## WORK TASK
Going from the top of the listing below to the line that holds "We gotta try", reproduce each line exactly; no pictures.

** MATERIAL PROVIDED follows **

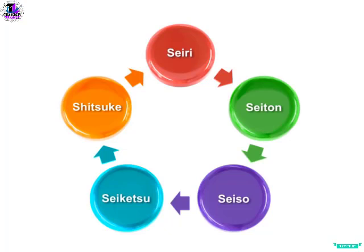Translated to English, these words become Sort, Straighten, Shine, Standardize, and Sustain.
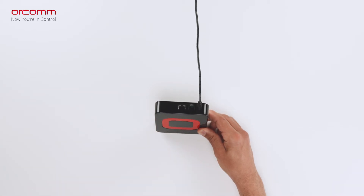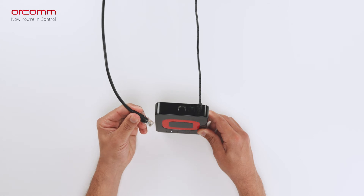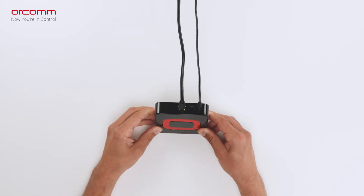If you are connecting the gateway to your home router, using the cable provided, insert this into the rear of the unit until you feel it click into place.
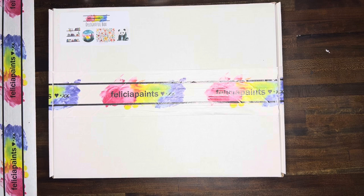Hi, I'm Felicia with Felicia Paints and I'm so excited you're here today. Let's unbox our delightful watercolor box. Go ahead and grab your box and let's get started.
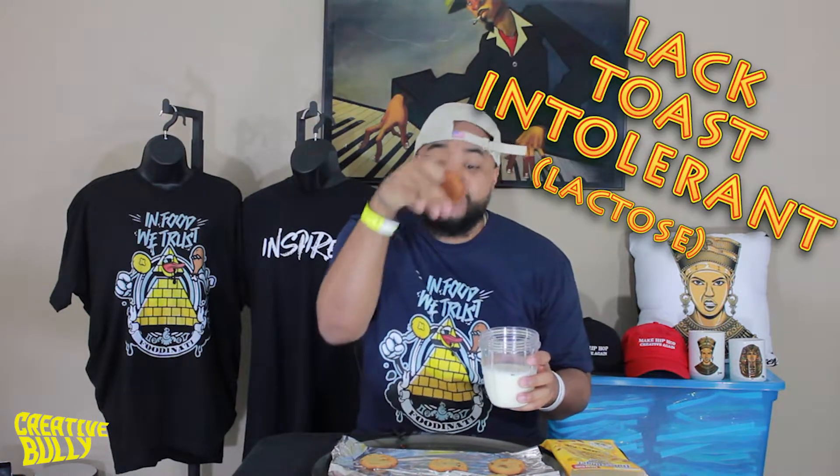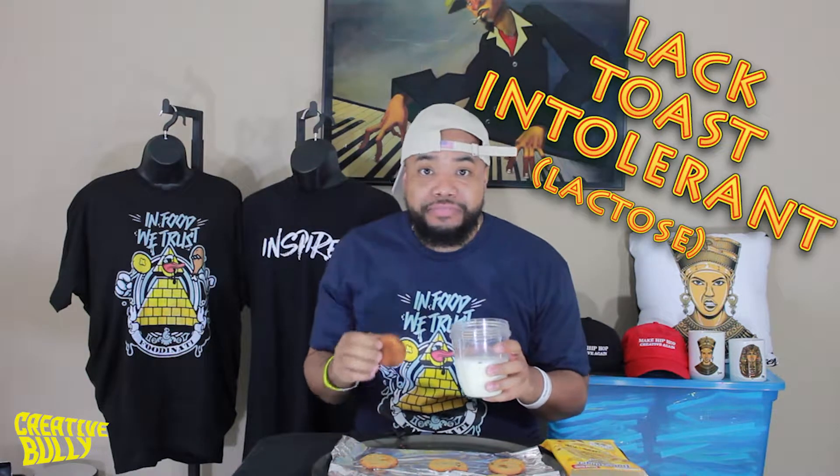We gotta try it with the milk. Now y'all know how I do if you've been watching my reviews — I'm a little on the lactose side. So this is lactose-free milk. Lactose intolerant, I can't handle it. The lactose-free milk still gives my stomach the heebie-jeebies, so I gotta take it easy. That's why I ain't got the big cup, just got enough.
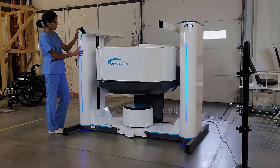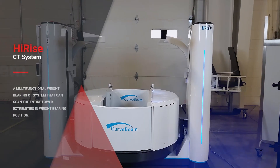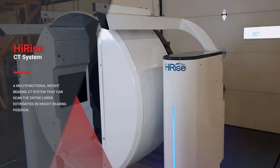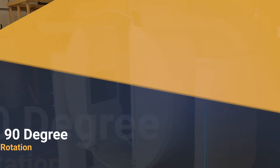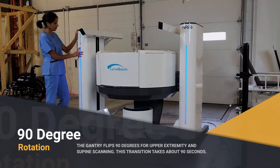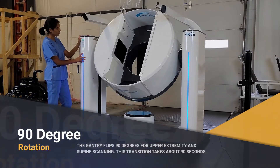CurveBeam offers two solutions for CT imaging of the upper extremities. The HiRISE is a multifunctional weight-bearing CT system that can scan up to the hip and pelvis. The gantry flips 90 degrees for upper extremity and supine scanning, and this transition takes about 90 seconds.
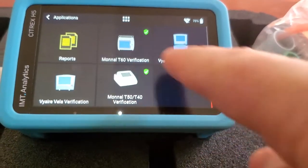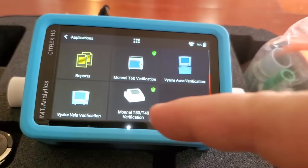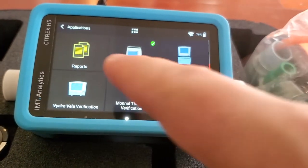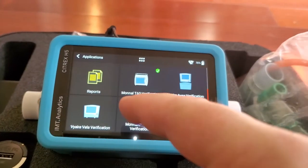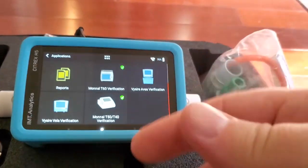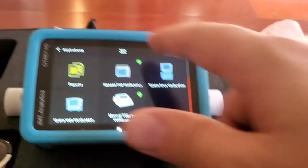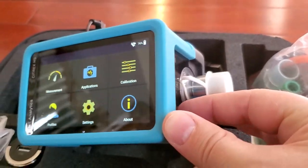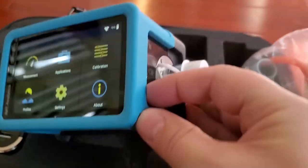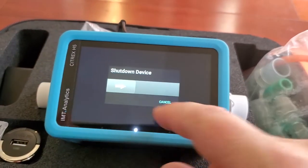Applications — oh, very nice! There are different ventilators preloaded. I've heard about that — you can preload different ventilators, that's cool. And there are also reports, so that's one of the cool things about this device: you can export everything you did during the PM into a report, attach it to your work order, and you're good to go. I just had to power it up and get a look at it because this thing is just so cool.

** End of MATERIAL PROVIDED **

## ANSWER AREA
Translated to English, these words become Sort, Straighten, Shine, Standardize, and Sustain.
If you are connecting the gateway to your home router, using the cable provided, insert this into the rear of the unit until you feel it click into place.
Hi, I'm Felicia with Felicia Paints and I'm so excited you're here today. Let's unbox our delightful watercolor box. Go ahead and grab your box and let's get started.
We gotta try it with the milk. Now y'all know how I do if you've been watching my reviews — I'm a little on the lactose side. So this is lactose-free milk. Lactose intolerant, I can't handle it. The lactose-free milk still gives my stomach the heebie-jeebies, so I gotta take it easy. That's why I ain't got the big cup, just got enough.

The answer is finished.